A classic example of corporate blame-laying is currently being played out in London’s High Court. Almost seven years after the collapse of Barings bank – once one of Britain’s most venerable financial institutions – the fundamental question in the world of corporate collapses, whether the auditors or management were to blame, remains unanswered.
At an especially large high court room on Holborn Lane, presiding judge Justice Evans-Lombe and almost 20 be-wigged lawyers and their assistants are surrounded by tens of thousands of files that will feed the case for at least a year.
That is, of course, unless an out-of-court settlement can be reached before the reputation of Barings’ former auditors Coopers & Lybrand, now PricewaterhouseCoopers, and Deloitte & Touche take a severe knock.
Newly-appointed liquidator KPMG is suing PwC and Deloittes for #1bn for negligence in carrying out the group audit and that of the bank’s subsidiary, Barings Futures Singapore.
The case is viewed by many as a test of how far auditors can be held solely responsible for the collapse of a company, and to what extent directors can be exonerated of blame.
On the first day of the trial, on 3 October, Charles Aldous QC, acting for KPMG, told the court that ‘if these basic audit failings had not happened Barings would still be here today’.
He went on to say that the illicit transactions of rogue trader Nick Leeson ‘should not have escaped the eye of even a newly-qualified accountant’.
Both PwC and Deloittes deny the allegations and maintain that the bank’s downfall is due to management failure.
The merchant bank’s collapse back in 1995 brought on by the unauthorised – and, as KPMG’s lawyers claim, little audited – million-pound transactions by rogue trader Nick Leeson is already a well-documented affair.
But, the public should prepare themselves for yet more dirt dishing and finger-pointing in what is likely to be a protracted trial. And then, of course, the appeals could run into 2003.
Although lacking the aesthetic pomp and ceremony of the usual High Court trial – the case is unfolding in a modern court room full of fake wood tables and office chairs to accommodate all the supporting evidence – no amount of expense is being spared. Legal fees have already passed the #100m mark.
Not to mention the amount of time staff at PwC, Deloittes, KPMG and previously Ernst & Young have already dedicated to the case.
Nevertheless, by the time Accountancy Age lands on your doormats what could turn out to be the most expensive and technical case in legal history could have reached a last-ditch out-of-court settlement.
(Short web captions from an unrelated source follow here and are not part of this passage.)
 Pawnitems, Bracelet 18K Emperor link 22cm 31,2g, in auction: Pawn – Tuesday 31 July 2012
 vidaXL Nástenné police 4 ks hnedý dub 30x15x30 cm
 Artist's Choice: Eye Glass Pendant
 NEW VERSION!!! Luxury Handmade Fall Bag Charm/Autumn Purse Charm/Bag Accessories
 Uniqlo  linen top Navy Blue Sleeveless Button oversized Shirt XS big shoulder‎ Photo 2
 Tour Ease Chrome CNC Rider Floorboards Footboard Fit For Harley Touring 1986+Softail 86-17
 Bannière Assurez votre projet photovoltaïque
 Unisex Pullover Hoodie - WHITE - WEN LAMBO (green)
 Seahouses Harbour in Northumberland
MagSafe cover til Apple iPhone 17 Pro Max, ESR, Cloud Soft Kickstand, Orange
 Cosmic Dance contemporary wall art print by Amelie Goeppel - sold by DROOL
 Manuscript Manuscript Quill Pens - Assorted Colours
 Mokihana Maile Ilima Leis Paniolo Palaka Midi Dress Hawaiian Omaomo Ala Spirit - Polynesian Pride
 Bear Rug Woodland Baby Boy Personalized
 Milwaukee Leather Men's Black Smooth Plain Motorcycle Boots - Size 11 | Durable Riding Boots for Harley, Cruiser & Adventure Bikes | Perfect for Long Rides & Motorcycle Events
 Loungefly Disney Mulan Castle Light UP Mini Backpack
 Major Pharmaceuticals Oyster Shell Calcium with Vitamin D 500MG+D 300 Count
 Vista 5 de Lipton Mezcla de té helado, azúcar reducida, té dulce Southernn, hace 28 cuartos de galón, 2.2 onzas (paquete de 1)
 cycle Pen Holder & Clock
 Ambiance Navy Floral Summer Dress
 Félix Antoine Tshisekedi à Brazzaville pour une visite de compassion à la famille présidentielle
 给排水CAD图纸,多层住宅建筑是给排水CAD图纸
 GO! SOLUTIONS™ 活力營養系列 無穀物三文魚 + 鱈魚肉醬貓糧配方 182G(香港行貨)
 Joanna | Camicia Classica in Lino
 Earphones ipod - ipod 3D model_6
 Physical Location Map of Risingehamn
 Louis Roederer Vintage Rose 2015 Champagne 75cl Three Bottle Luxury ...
But it is as well to remember that that could have happened at any point in the long-running wranglings – but as yet it has not.
And with the past few years’ track record of failed attempts at settlement deals and Deloittes’ insistence at only settling for a nominal sum, it could prove less obtainable than some observers may think.
A look at the past few years’ attempts at settling this highly complicated and emotive case gives an indication of what any settlement is up against.
In November 1998 the City Disputes Panel tried without success to forge a path to settlement. The attempt, however, was thwarted by vulture funds who had become the main creditors.
Since then, Deloittes – which carried out a two-year audit for BFS between 1992 and 1993 worth #10,000 – has resisted all attempts at settlement.
They are after all set to lose the least in the Barings debacle.
But the stakes are growing for both the creditors and PwC.
The firms almost escaped adverse publicity from the trial back in the summer when PwC clinched a ‘settlement in principle’ with the now deposed liquidators E&Y. Unfortunately, the deal was scuppered once again. Rumour has it the vulture funds were not happy with the outcome.
These failed attempts have obviously been brought to the attention of the judge. Following E&Y’s displacement after five years as liquidators, the High Court ruled last month that the creditors, among them Credit Suisse First Boston, must stump up almost #20m in securities costs; just in case the defendants win. If the monies are not available by Christmas the judge will halt the case.
The creditors are bent on raiding the deep pockets of the global accountancy firms. After all, Barings’ management has already received its fair share of lambasting. The Bank of England’s report in 1995 severely criticised the directors.
Andrew Tuckey, Barings’ deputy chairman, was banned by the Department of Trade and Industry from serving as a company director for four years and earlier this year faced a further four-year ban from working as an accountant by the Joint Disciplinary Scheme.
But an auditors’ duty is to ascertain whether a company’s annual report truly reflects their financial status.
In Barings’ case this is the key question. The court heard that Barings’ net profits were overstated by 64% in 1993 and 173% in 1994.
In December 1994, Barings was shown to have a profit of #78m when in reality it was in the red by #174m.
If seen through to the bitter end there will be few winners irrespective of the outcome. Nevertheless if corporations are to retain success, longevity and respect, lessons must be learnt in the wake of the Barings’ disaster.
Whether they are will remains to be seen. The next few months of the economic downturn will prove a testing time for auditors and directors alike.
And hopefully the debate will add to and perhaps speed up new legislation on company law.